**ACTION ITEM:**
The expected output is the line with "Bella Nix big" plus all lines after it to the end of the material below, reproduced exactly, with pictures omitted and nothing else included.

**DATA EXCERPT:**
+ + + + +
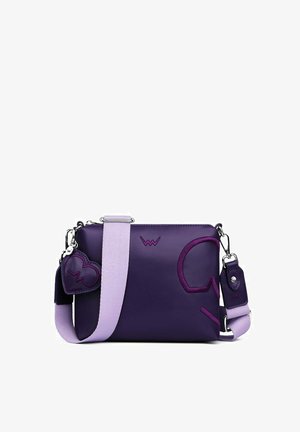 Fialová koženková crossbody kabelka se světlofialovým popruhem, embosovanými logy a přívěskem ve tvaru srdce. Hladký povrch a minimalistický design.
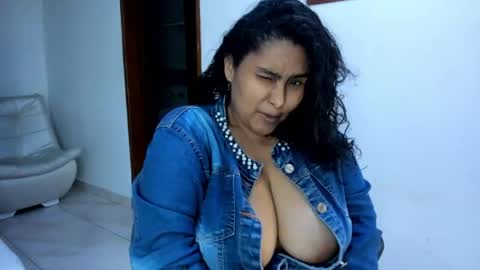 Bella Nix big tits online show from April 29, 2026, 11:14 am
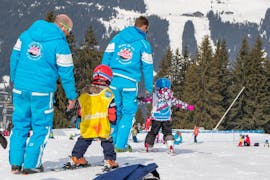 Lezioni di sci per bambini (4-12 anni) per principianti con École de ski 360 Les Gets.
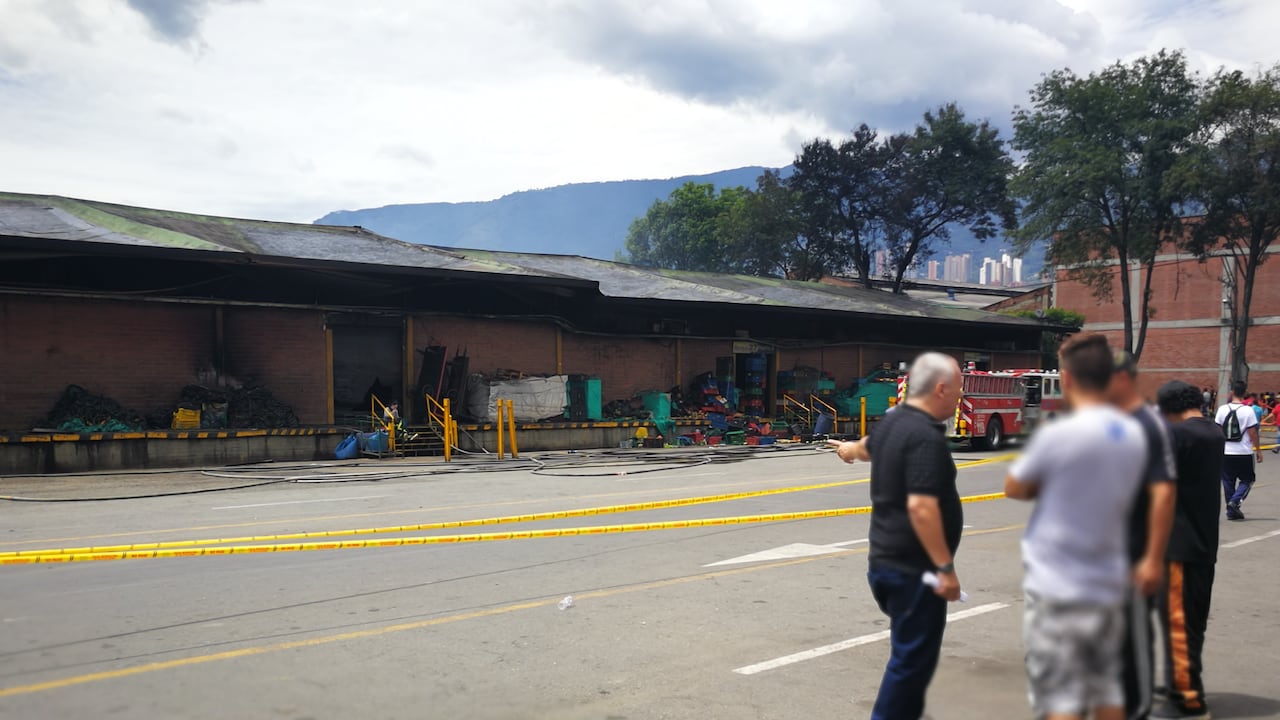 El día del incendio en el bloque 27 Las Malvinas de la Central Mayorista se estimaron las pérdidas materiales en 20 mil millones de pesos.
+ + + + +
**RESPONSE BELOW:**
 Bella Nix big tits online show from April 29, 2026, 11:14 am
 Lezioni di sci per bambini (4-12 anni) per principianti con École de ski 360 Les Gets.
 El día del incendio en el bloque 27 Las Malvinas de la Central Mayorista se estimaron las pérdidas materiales en 20 mil millones de pesos.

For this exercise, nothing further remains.